Both firms have been critical of the 30% commission Apple takes for selling digital goods and services via the platform.
On Wednesday, the tech giant announced that it will halve the charge to 15% for any developer which earns less than one million dollars per year in sales generated through the store.
But the boss of Epic Games – the maker of Fortnite – called the decision a ‘calculated move” to “divide app creators and preserve their monopoly on stores and payments”.
Spotify, which has long complained the fee is unfair as Apple has its own music streaming app, said the change ‘further demonstrates that their App Store policies are arbitrary and capricious’.
Apple is already being investigated by the EU Commission over such anti-trust allegations, looking into whether both the App Store and Apple Pay stifle competition.
‘This would be something to celebrate were it not a calculated move by Apple to divide app creators and preserve their monopoly on stores and payments, again breaking the promise of treating all developers equally,’ said Tim Sweeney, chief executive of Epic Games.

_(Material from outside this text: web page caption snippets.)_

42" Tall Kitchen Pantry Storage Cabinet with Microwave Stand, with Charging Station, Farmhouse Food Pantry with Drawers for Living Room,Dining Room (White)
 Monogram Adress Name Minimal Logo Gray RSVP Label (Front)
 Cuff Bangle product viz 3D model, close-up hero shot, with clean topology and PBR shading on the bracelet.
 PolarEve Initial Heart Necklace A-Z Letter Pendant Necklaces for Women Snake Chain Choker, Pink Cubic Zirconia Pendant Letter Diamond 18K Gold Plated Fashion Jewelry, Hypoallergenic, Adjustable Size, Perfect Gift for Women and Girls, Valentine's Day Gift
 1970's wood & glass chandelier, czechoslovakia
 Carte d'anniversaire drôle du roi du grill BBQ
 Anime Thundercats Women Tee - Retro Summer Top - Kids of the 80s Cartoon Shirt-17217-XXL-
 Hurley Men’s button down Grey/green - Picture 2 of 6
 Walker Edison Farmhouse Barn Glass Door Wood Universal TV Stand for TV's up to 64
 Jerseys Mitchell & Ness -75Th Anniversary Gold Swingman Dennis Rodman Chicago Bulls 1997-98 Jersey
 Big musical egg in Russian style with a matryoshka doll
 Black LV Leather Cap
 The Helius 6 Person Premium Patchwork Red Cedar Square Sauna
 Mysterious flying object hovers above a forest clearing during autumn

‘By giving special 15% terms to select robber barons like Amazon, and now also to small indies, Apple is hoping to remove enough critics that they can get away with their blockade on competition and 30% tax on most in-app purchases.
‘But consumers will still pay inflated prices marked up by the Apple tax.
‘iOS and Android need to be fully open to competition in stores and payments, with a genuinely level playing field among platform companies, app creators, and service providers.
‘That, and not gerrymandering the community with a patchwork of special deals, is the only path to a fair app marketplace.’
A spokesperson for Spotify said: ‘Apple’s anti-competitive behaviour threatens all developers on iOS, and this latest move further demonstrates that their App Store policies are arbitrary and capricious.
‘While we find their fees to be excessive and discriminatory, Apple’s tying of its own payment system to the App Store and the communications restrictions it uses to punish developers who choose not to use it, put apps like Spotify at a significant disadvantage to their own competing service.
‘Ensuring that the market remains competitive is a critical task.
‘We hope that regulators will ignore Apple’s ‘window dressing’ and act with urgency to protect consumer choice, ensure fair competition, and create a level playing field for all.’